Historic Hyde Park North is a neighborhood within the Hyde Park district of the city of Tampa, Florida. As of the 2010 census the neighborhood had a population of 2,689. The latest estimated population given was 2,447. The ZIP Code serving the neighborhood is 33606.

Geography
Historic Hyde Park North boundaries are roughly the Lee Roy Selmon Expressway to the northwest and north, Bayshore Boulevard to the southeast, Swann Avenue to the south, and South Boulevard/Rome Avenue to the east.

Demographics
Source: Hillsborough County Atlas

At the 2010 census there were 2,689 people and 1,493 households residing in the neighborhood. The population density was 6,769/mi². The racial makeup of the neighborhood was 92% White, 2% African American, less than 1% Native American, 3% Asian, 1% from other races, and 2% from two or more races. Hispanic or Latino of any race were 8%.

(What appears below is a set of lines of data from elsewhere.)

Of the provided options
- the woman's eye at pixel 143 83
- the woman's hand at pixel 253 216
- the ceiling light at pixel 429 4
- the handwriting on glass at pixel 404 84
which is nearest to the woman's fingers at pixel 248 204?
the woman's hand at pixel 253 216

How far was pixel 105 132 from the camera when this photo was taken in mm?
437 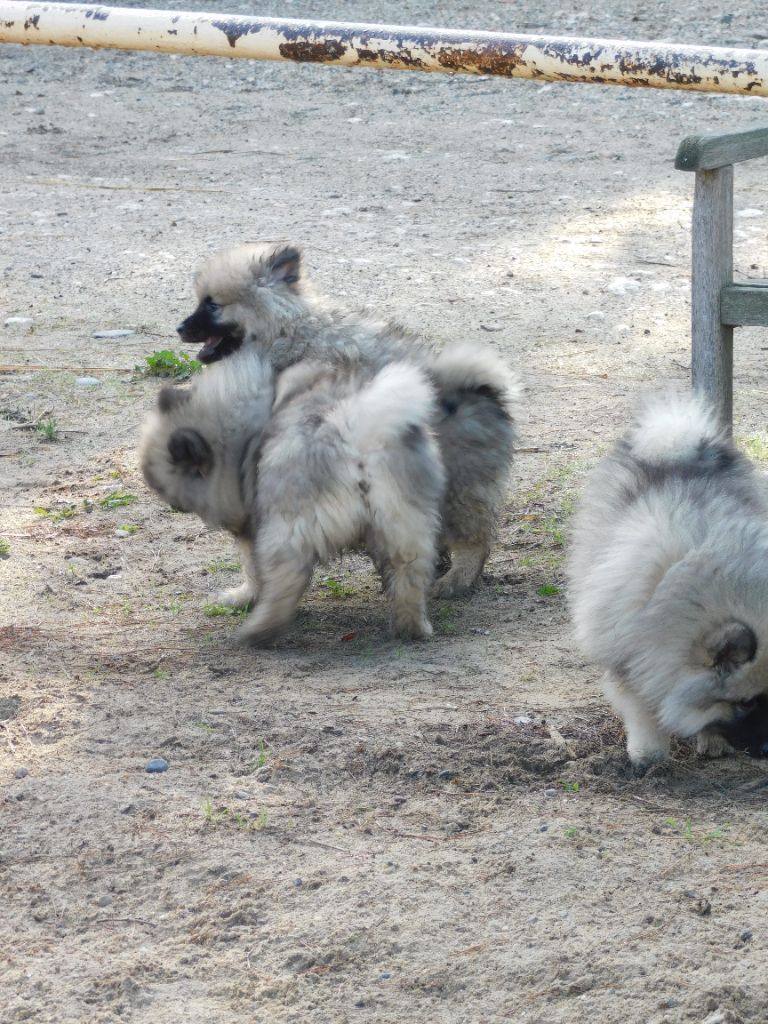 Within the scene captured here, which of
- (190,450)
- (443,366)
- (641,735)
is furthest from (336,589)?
(641,735)

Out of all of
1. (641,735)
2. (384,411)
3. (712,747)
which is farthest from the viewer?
(384,411)

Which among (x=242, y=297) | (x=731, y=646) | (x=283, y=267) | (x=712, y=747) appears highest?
(x=283, y=267)

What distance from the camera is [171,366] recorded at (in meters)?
7.11

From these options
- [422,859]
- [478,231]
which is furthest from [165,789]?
[478,231]

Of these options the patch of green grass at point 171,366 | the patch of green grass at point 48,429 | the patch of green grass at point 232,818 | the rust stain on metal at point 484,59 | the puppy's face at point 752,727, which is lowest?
the patch of green grass at point 232,818

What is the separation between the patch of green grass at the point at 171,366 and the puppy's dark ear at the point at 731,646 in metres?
4.13

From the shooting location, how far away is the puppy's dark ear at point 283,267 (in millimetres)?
5430

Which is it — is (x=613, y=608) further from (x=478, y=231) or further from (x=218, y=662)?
(x=478, y=231)

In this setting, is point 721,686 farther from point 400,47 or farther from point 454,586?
point 400,47

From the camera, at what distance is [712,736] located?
3.85 m

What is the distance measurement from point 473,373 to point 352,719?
5.48 feet

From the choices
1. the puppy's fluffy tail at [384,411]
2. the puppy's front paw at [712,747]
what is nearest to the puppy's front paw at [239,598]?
the puppy's fluffy tail at [384,411]

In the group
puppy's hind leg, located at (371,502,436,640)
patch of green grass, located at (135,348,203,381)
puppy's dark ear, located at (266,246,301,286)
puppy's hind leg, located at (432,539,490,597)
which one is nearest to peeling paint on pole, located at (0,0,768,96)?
puppy's dark ear, located at (266,246,301,286)

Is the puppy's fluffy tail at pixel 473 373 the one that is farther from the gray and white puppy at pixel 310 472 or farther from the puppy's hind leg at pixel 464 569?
the puppy's hind leg at pixel 464 569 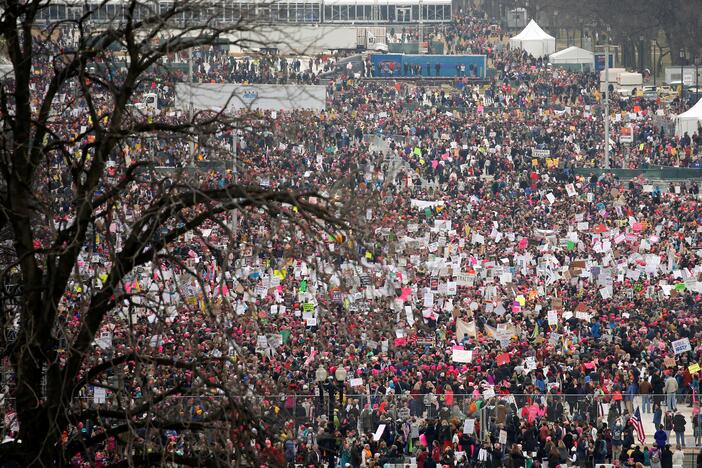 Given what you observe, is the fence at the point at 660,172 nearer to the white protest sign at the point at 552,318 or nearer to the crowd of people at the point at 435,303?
the crowd of people at the point at 435,303

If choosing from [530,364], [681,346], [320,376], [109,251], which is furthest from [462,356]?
[109,251]

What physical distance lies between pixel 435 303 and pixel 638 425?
32.4ft

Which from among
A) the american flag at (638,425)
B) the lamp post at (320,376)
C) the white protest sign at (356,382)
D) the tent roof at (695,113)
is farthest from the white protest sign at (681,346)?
the tent roof at (695,113)

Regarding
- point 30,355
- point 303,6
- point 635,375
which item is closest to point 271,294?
point 635,375

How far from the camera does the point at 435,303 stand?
31984 millimetres

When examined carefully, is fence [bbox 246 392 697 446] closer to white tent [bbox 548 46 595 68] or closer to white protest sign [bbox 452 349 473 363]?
white protest sign [bbox 452 349 473 363]

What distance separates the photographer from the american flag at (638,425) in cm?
2223

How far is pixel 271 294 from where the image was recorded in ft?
103

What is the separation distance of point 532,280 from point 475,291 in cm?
284

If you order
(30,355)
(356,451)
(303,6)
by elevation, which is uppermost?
(303,6)

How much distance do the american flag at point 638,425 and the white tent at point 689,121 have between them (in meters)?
37.2

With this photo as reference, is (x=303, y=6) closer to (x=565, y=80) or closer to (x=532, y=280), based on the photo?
(x=565, y=80)

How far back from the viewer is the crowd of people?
10.5 meters

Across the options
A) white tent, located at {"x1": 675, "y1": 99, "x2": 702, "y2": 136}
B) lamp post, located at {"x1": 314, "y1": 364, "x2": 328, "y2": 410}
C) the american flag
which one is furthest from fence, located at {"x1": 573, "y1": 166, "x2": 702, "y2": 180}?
the american flag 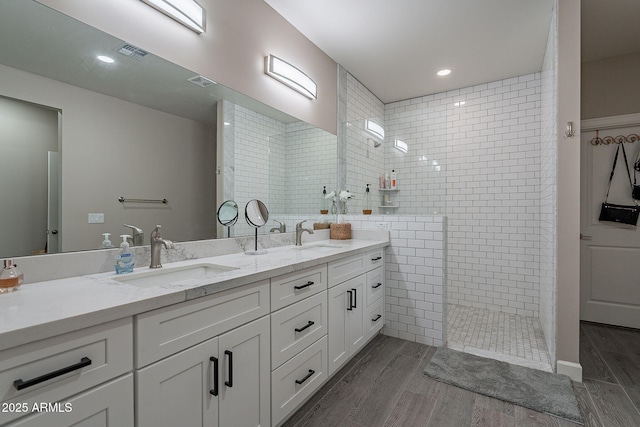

Of the 1,493 households 15% had children under the age of 18 living with them, 28% were married couples living together, 4% had a female householder with no husband present, and 14% were non-families. 51% of households were made up of individuals.

The age distribution was 15% under the age of 18, 32% from 18 to 34, 27% from 35 to 49, 19% from 50 to 64, and 7% 65 or older. For every 100 females, there were 92.8 males.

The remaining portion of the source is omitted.